Departing from Olivetti’s progressive activities after WWII—which were materialized through the design of products, architecture, urban planning and sociocultural services—this project investigates a modern and industrial endeavor through the production of a new installation work that is put at service of a reflection on the company's interdisciplinary philosophies. Informed by both Olivetti's exhibition displays and research on archival material, the installation work will present an investigation of a historical process of multilayered interactions between the fields of art, design, architecture, and technology, as related to corporative social developments. The project aims to speculate productively on the possibilities of engagements between aesthetics, design, economy, and technology with sociocultural practices in the turning of a mechanical era towards a new techno-industrial period. Here, products and architecture were developed not only from an economical perspective but as carriers of scientific, technical, and social progress towards the promotion of a cultural and political agenda of development.

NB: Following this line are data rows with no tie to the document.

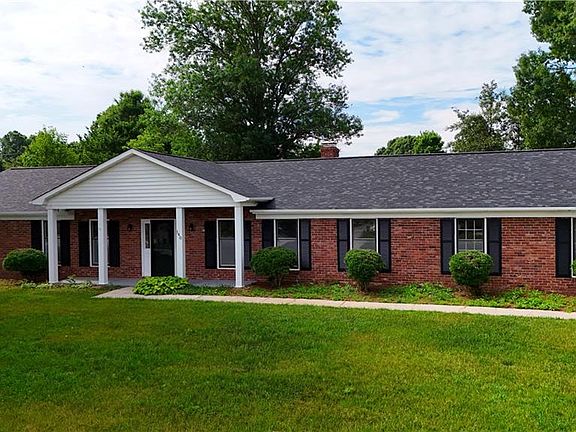 2nd image of 140 Hidden Hills Dr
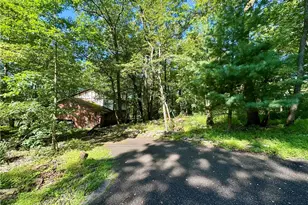 901 Stratford Rd, Fairfeld Township, PA 15658 - Photo 8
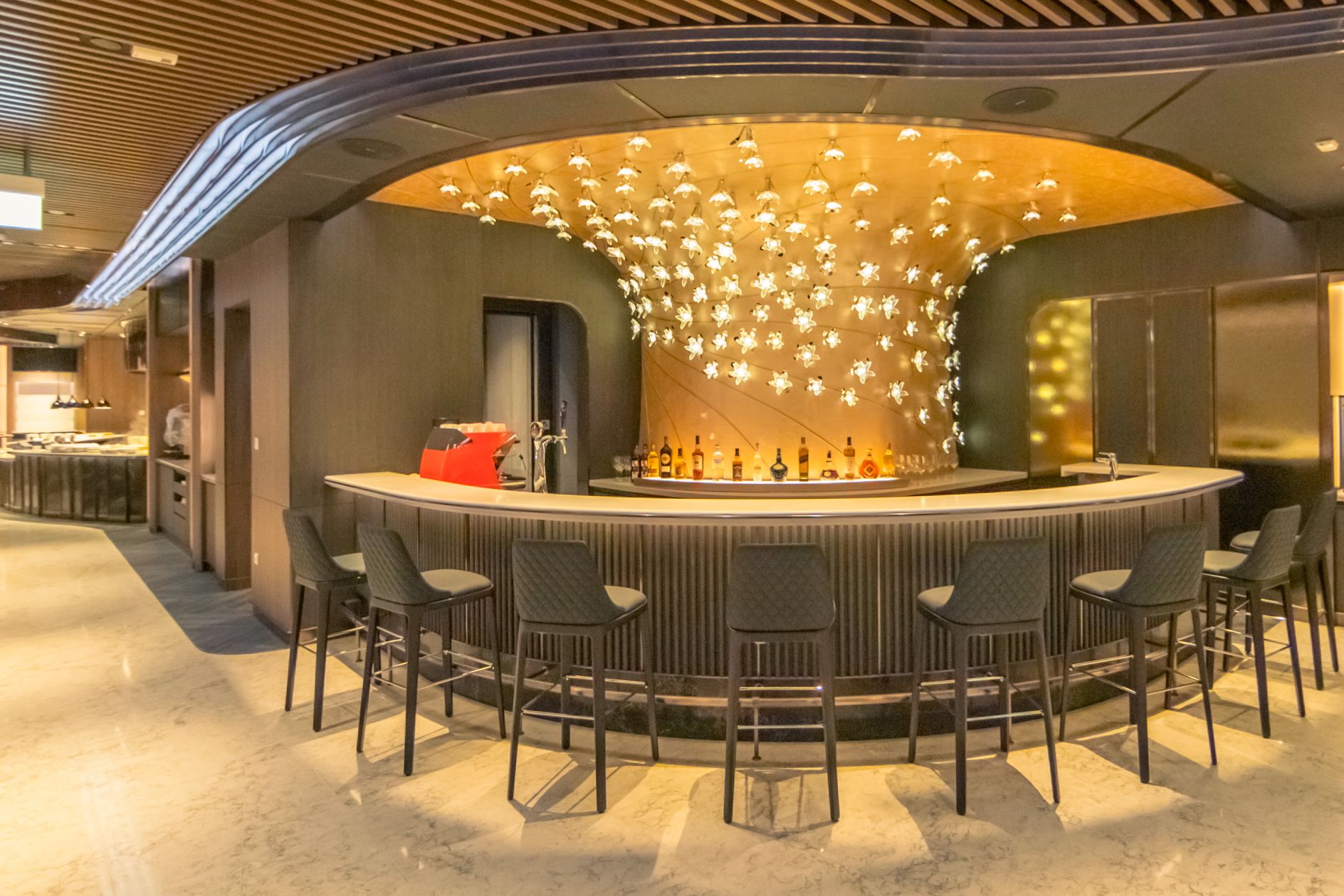 Lalique Crystal Bar at Singapore Airlines' First Class Lounge at Changi Airport. Click to enlarge.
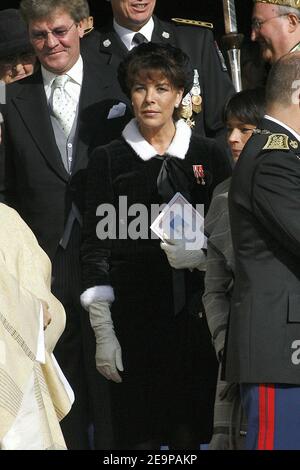 Ernst August von Hannover, Prinzessin Caroline von Hannover und Prinzessin Stephanie von Monaco verlassen die Kathedrale von Monaco am 19. November 2006, nach der traditionellen Messe im Rahmen der Feierlichkeiten zum Nationalfeiertag. Foto von Nebinger-Orban/ABACAPRESS.COM Stockfoto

Beto Shwafaty is an artist and researcher based in Brazil. He obtained a master's degree in visual arts and curatorial studies from Nuova Accademia di Belle Arti–NABA (Milano, 2010), and attended Simon Starling's classes at the Staedelschule (Frankfurt am Main, 2011). Shwafaty has been involved with collective, research-based curatorial and spatial practices since early 2000s, and as a result, his own practice explores the converging spheres of critical design, spatial politics, knowledge economy, and visual culture in ways that assume art is a productive system able to stimulate changes and reflections on social behavior and cognition when related to historical, interdisciplinary, and public issues. Shwafaty's work has been exhibited at Eternal Tour (São Paulo, 2012); Mythologies, Cité des Arts (Paris, 2011); the 4th IABR: Urbaninform Section (Rotterdam, 2009); and the 3rd Utrecht Manifest (Utrecht, 2009). He has collaborated with Francesco Jodice in the production of São Paulo City Tellers, a docu-fiction film for the 27th São Paulo Biennial (2006). Recently, Shwafaty published The Life of The Centers (2013), a docu-fictional photo-book that approaches some historical flows of urban development in three regions of São Paulo.